To solve the problem of finding the range of \( r \) for the two circles to intersect at two distinct points, we will follow these steps: ### Step 1: Identify the equations of the circles The first circle is given by: \[ C_1: x^2 + y^2 = r^2 \] The second circle can be rewritten from the given equation: \[ C_2: x^2 + y^2 - 10x + 16 = 0 \implies x^2 + y^2 = 10x - 16 \] ### Step 2: Find the center and radius of the second circle The equation of the second circle can be rearranged to: \[ x^2 - 10x + y^2 = -16 \] Completing the square for \( x \): \[ (x - 5)^2 - 25 + y^2 = -16 \implies (x - 5)^2 + y^2 = 9 \] From this, we can see that the center of the second circle \( C_2 \) is \( (5, 0) \) and the radius \( r_2 = 3 \). ### Step 3: Set the conditions for intersection For the two circles to intersect at two distinct points, the distance between their centers must be less than the sum of their radii and greater than the absolute difference of their radii. 1. **Distance between centers**: The center of \( C_1 \) is \( (0, 0) \) and the center of \( C_2 \) is \( (5, 0) \).
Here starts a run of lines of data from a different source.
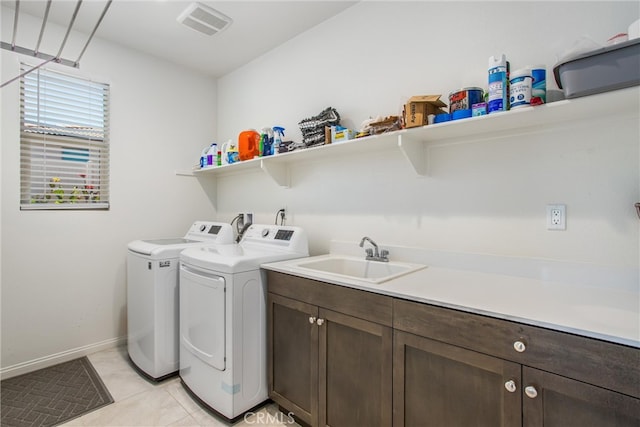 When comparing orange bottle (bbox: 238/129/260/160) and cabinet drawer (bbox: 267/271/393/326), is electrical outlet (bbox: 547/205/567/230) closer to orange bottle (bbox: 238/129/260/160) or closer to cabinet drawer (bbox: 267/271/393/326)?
cabinet drawer (bbox: 267/271/393/326)

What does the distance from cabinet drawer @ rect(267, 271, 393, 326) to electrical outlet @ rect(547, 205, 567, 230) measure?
858 mm

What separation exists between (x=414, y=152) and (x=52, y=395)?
276cm

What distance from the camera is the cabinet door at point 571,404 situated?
2.71 feet

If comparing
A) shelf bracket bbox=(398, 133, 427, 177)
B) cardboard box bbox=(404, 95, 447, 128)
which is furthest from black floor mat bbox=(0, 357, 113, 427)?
cardboard box bbox=(404, 95, 447, 128)

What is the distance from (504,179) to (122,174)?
295cm

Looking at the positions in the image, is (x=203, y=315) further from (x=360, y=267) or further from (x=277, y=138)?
(x=277, y=138)

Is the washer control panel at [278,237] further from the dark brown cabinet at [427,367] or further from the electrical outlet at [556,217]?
the electrical outlet at [556,217]

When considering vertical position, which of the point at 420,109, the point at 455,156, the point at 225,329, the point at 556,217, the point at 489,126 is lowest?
the point at 225,329

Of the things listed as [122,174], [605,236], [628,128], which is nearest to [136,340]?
[122,174]

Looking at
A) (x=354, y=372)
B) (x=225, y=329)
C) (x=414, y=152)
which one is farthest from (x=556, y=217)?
(x=225, y=329)

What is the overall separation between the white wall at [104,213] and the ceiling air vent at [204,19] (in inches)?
32.9

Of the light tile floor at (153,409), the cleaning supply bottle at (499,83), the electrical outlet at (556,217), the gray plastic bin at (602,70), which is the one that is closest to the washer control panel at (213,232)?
the light tile floor at (153,409)

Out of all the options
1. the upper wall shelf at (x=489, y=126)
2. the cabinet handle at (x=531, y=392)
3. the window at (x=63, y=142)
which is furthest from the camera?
the window at (x=63, y=142)

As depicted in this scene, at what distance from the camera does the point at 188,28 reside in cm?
247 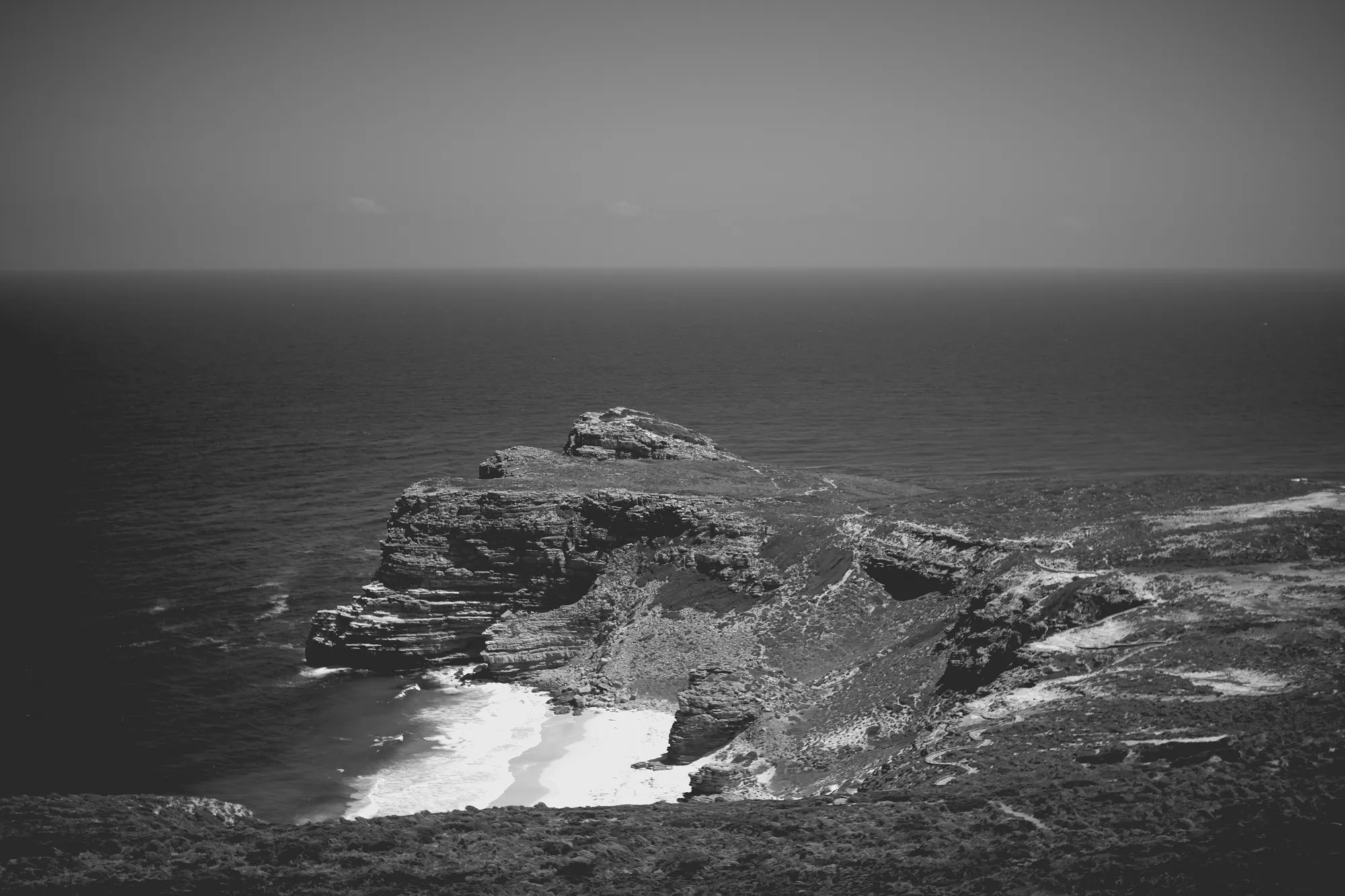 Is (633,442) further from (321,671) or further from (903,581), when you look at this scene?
(903,581)

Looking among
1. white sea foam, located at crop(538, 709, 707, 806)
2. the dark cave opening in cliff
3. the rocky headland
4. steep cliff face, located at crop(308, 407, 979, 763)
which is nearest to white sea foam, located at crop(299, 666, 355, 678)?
steep cliff face, located at crop(308, 407, 979, 763)

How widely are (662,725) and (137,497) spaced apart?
57.0 meters

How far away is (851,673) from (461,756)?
716 inches

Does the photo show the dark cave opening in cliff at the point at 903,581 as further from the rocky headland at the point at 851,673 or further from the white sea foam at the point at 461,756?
the white sea foam at the point at 461,756

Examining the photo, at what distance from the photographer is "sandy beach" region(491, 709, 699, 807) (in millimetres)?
41156

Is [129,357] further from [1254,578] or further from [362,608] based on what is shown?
[1254,578]

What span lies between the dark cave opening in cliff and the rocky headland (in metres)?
0.15

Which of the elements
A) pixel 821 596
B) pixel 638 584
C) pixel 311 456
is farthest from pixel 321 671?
pixel 311 456

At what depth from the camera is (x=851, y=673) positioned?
45250 mm

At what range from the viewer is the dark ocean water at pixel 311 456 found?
48.2 m

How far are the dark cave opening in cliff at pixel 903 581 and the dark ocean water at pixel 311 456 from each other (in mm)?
22764

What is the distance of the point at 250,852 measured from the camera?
78.8 feet

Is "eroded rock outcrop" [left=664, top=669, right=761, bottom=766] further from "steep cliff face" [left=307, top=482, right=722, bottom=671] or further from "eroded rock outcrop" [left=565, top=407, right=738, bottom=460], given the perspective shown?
"eroded rock outcrop" [left=565, top=407, right=738, bottom=460]

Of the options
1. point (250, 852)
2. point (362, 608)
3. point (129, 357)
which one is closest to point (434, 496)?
point (362, 608) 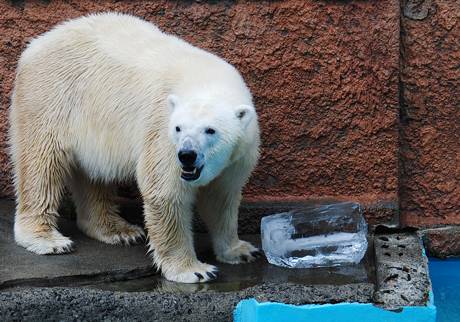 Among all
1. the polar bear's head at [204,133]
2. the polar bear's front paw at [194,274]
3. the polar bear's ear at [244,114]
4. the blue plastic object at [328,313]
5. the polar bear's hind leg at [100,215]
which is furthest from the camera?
the polar bear's hind leg at [100,215]

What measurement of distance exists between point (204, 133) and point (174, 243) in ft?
2.32

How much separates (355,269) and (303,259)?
29 centimetres

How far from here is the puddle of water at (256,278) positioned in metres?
2.84

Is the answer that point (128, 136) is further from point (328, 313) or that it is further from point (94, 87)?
point (328, 313)

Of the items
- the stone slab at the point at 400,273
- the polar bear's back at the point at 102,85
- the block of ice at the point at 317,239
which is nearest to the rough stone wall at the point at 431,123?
the stone slab at the point at 400,273

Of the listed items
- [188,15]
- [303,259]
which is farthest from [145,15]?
[303,259]

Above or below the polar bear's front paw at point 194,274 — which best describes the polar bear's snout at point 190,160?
above

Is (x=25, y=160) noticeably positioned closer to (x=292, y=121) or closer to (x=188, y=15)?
(x=188, y=15)

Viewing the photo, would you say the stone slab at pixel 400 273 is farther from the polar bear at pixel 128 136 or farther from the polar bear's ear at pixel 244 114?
the polar bear's ear at pixel 244 114

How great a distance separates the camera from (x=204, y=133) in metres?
2.65

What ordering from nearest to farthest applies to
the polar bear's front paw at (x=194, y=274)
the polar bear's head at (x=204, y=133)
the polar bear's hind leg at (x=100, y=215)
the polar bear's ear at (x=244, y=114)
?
the polar bear's head at (x=204, y=133), the polar bear's ear at (x=244, y=114), the polar bear's front paw at (x=194, y=274), the polar bear's hind leg at (x=100, y=215)

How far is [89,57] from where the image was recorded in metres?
3.35

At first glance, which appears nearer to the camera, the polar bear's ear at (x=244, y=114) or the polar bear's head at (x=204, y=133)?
the polar bear's head at (x=204, y=133)

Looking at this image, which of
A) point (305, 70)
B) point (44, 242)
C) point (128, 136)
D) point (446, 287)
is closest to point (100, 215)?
point (44, 242) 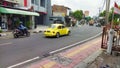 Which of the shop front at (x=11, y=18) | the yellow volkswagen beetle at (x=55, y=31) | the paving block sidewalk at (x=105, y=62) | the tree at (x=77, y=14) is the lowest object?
the paving block sidewalk at (x=105, y=62)

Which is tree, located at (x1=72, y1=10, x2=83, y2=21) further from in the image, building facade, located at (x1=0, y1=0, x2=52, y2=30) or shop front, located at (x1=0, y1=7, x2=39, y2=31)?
shop front, located at (x1=0, y1=7, x2=39, y2=31)

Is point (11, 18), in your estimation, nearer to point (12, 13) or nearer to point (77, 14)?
point (12, 13)

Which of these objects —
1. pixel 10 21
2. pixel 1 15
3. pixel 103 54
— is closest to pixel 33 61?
pixel 103 54

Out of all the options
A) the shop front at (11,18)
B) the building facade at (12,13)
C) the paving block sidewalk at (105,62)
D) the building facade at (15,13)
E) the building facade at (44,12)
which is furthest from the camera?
the building facade at (44,12)

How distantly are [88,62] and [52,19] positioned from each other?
4773 cm

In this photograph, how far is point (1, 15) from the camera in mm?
30953

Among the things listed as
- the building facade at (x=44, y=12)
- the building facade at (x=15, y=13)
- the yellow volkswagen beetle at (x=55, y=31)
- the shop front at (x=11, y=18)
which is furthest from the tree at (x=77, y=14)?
the yellow volkswagen beetle at (x=55, y=31)

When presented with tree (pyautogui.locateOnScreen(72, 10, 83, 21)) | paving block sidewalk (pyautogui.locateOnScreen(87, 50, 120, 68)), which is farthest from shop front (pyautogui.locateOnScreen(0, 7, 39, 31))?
tree (pyautogui.locateOnScreen(72, 10, 83, 21))

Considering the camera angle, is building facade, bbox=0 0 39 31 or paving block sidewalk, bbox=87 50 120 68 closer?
paving block sidewalk, bbox=87 50 120 68

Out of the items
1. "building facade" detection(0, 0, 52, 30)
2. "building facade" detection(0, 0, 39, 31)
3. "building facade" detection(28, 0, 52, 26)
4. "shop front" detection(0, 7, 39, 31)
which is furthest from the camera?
"building facade" detection(28, 0, 52, 26)

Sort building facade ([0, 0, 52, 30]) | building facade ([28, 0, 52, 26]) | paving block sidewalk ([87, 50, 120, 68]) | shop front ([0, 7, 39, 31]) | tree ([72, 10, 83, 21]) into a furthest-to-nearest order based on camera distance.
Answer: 1. tree ([72, 10, 83, 21])
2. building facade ([28, 0, 52, 26])
3. building facade ([0, 0, 52, 30])
4. shop front ([0, 7, 39, 31])
5. paving block sidewalk ([87, 50, 120, 68])

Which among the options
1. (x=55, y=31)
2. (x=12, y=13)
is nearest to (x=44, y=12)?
(x=12, y=13)

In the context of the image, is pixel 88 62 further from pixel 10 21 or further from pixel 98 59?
pixel 10 21

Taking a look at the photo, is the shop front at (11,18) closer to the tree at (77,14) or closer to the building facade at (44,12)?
the building facade at (44,12) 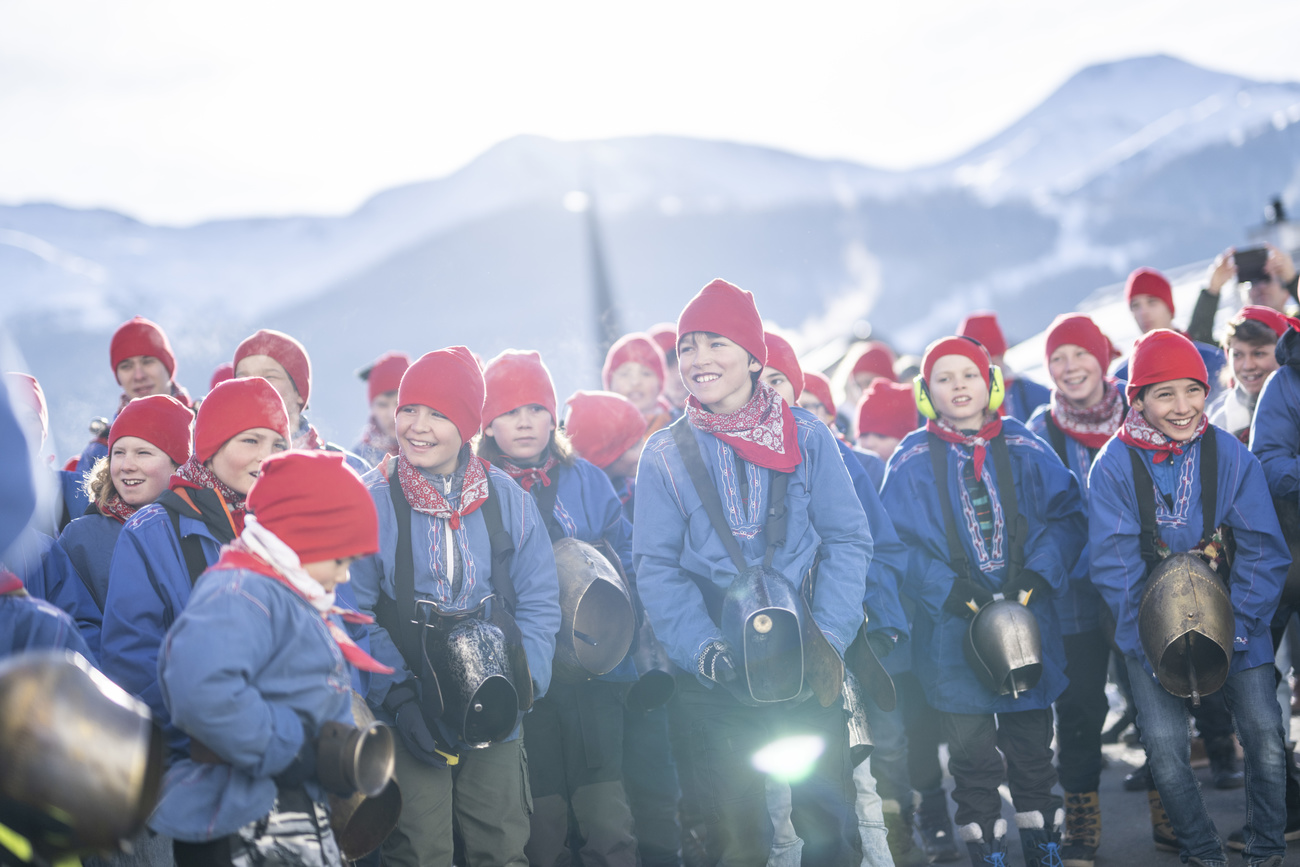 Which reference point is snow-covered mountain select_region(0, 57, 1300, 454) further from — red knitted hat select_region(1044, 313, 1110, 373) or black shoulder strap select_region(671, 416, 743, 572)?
red knitted hat select_region(1044, 313, 1110, 373)

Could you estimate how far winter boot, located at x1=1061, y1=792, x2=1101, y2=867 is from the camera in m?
3.84

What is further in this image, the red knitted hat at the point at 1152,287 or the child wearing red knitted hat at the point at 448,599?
the red knitted hat at the point at 1152,287

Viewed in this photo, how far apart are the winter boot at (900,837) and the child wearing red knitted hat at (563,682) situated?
119cm

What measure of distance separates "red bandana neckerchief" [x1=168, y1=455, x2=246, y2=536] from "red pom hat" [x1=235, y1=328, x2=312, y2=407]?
142 cm

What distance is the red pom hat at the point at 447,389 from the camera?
3.32 metres

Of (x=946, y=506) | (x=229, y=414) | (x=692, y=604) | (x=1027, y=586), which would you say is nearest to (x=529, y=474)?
(x=692, y=604)

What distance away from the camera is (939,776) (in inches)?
173

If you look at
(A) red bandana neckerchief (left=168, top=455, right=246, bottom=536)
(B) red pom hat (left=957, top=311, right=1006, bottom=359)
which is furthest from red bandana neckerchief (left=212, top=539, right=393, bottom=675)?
(B) red pom hat (left=957, top=311, right=1006, bottom=359)

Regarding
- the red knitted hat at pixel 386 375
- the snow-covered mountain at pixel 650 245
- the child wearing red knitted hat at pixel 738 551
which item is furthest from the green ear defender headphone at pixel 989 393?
the snow-covered mountain at pixel 650 245

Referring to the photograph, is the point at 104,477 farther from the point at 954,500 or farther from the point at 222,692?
the point at 954,500

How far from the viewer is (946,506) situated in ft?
12.6

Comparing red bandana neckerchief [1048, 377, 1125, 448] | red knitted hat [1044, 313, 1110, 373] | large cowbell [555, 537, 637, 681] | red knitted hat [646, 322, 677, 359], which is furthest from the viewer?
red knitted hat [646, 322, 677, 359]

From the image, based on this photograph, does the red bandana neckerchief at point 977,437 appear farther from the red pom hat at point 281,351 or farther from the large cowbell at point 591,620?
the red pom hat at point 281,351

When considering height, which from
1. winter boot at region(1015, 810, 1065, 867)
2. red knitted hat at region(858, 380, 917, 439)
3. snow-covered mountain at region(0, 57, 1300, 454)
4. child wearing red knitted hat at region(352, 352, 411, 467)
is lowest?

The distance \( d \) between the centers is: \[ d = \sqrt{(5 - 0)^2 + (0 - 0)^2} = 5 \] 2. **Condition for intersection**: - The sum of the radii: \( r + 3 > 5 \) - The absolute difference of the radii: \( |r - 3| < 5 \) ### Step 4: Solve the inequalities 1. From \( r + 3 > 5 \): \[ r > 2 \] 2. From \( |r - 3| < 5 \): - This gives us two inequalities: \[ r - 3 < 5 \implies r < 8 \] \[ r - 3 > -5 \implies r > -2 \quad (\text{this is not restrictive since } r > 2) \] ### Step 5: Combine the results From the inequalities, we have: \[ 2 < r < 8 \] ### Conclusion The range of \( r \) for which the two circles intersect at two distinct points is: \[ r \in (2, 8) \]